*Task item*
All lines from the one containing "Exile exo skimboard review" through the last line of the listing should be given again exactly, with no pictures.
Top of Recorded data
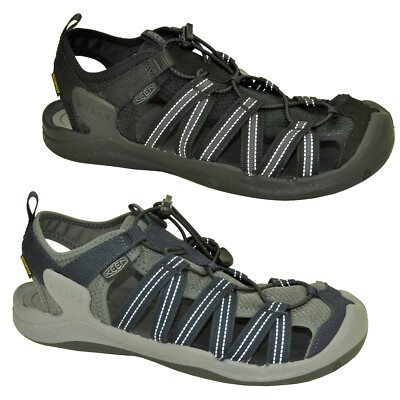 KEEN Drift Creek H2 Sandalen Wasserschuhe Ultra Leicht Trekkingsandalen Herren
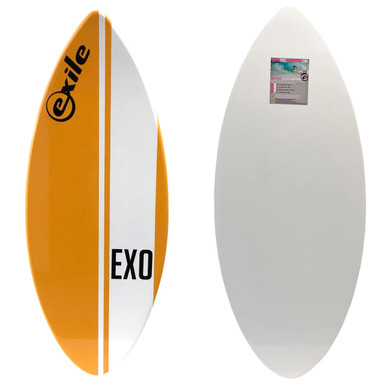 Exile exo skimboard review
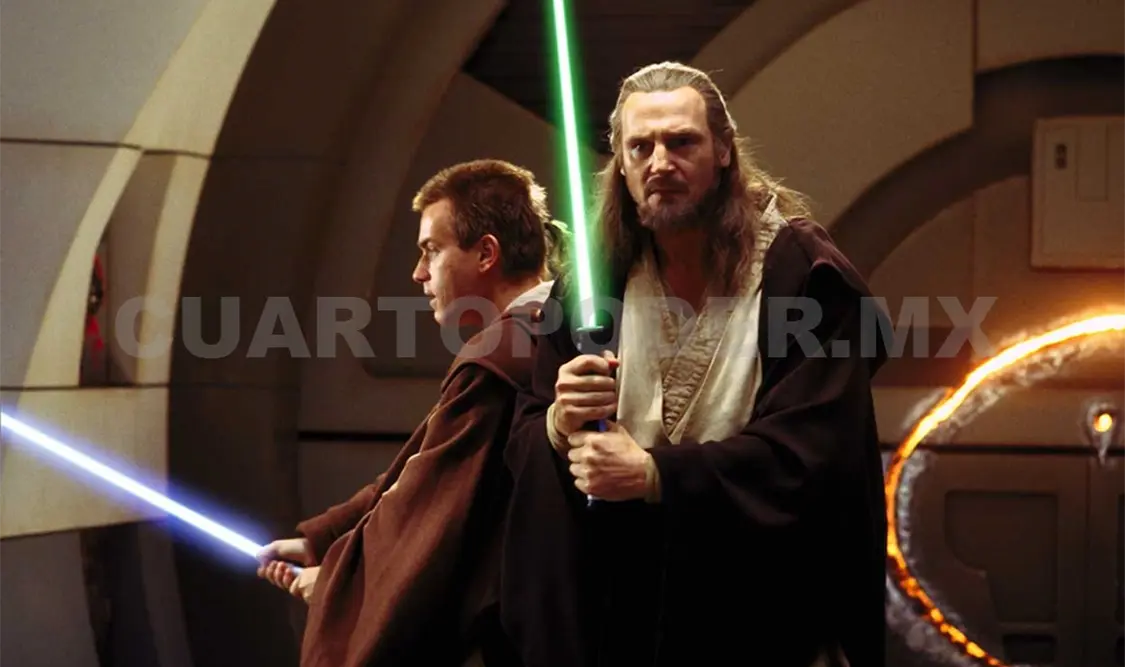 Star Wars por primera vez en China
Bottom of Recorded data
*Answer*
 Exile exo skimboard review
 Star Wars por primera vez en China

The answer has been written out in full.